Sweat trickles down the back of my neck. The heat and noise press at me in waves. The screech and clank and holler, the stifling dry air.

I've done the best I can to keep myself clean since I bathed last. Nobody would believe I was a slave, reeking of the prison as I did. It's impossible to be truly clean in this place, but I got the worst of it off.

Of late, I've been bathing with the men in my underwear, scrubbing my clothes and hair, ignoring their hungry glances. For a long time I'd told myself that it wasn't safe to undress in front of the men, but I'd been lying to myself. None of them would dare touch me now. I just wanted to be dirty. Punishing myself. But all that's over.

The door opens, and the Overseer appears. He shuts the door and locks it, puts the key in his pocket. Down the steps he comes in his stately way, a small-minded man over-proud of his authority. There's a guard waiting at the bottom of the steps; it's the young Gurta who accompanied him on the shift when we stole his key. His boasting about all the exciting accidents he witnessed probably landed him with the position for a long time to come. He's regretting it now, I'm guessing.
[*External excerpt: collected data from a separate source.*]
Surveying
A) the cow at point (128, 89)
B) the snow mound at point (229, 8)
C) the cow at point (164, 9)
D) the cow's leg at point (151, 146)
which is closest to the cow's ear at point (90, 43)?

They greet each other rather formally and move off, leaving the way clear. I scan the smoky landscape around me. A distant guard, not paying attention. No time better than now.

I hurry across the open space, crouched low, watching the guard from the corner of my eye. He scratches the back of his neck. For a few moments, I have that horrible feeling of exposure; I'm certain somebody is going to raise the alarm, someone I haven't even seen, and the game will be over. Then I'm back under cover, safe at the bottom of the steps, shielded from the forge by the metal barrier.

I climb the steps in a low crouch, moving with confidence now. This part is easy. Even if the key doesn't work, I have time to climb back down and take my place in the forge again. The only thing I have to fear is what's beyond that door.

At the top, I can't resist a peek over the edge. It's a stupid risk, but nobody will see the top of my head at this height and in this atmosphere. And it's worth it, just to see the seething, glowing panorama of the forge spread out beneath me, the thin, ordered rivers of molten yellow-white tracing among the hulking black monuments. For a moment, I feel superior: ruler of this place. I've beaten it.

Premature. I try the key and it fits the lock. But it won't turn.

I curse under my breath. Jiggle it, give it another try. It sticks. Now I'm getting worried. I try it again, with greater force. Still nothing.

For want of any better options, I reinsert, try it again, and this time it turns. Tumbling relief in my chest. Some problem with the marriage of key and lock, a misalignment. The key might be unreliable, but it does work.

I open the door a crack and look through. Nobody there. In I go, locking the door behind me. This time it obliges first time. I slip the key back inside my belt, and survey my reward: the Overseer's office.

It's underwhelming at best. Spartan, neat, and dim. Lanterns illuminate a room of bare stone with little ornamentation to speak of. There are scroll cases stacked in a cabinet, and a desk with a half-written letter on it. A row of dirty windows looks over the forge.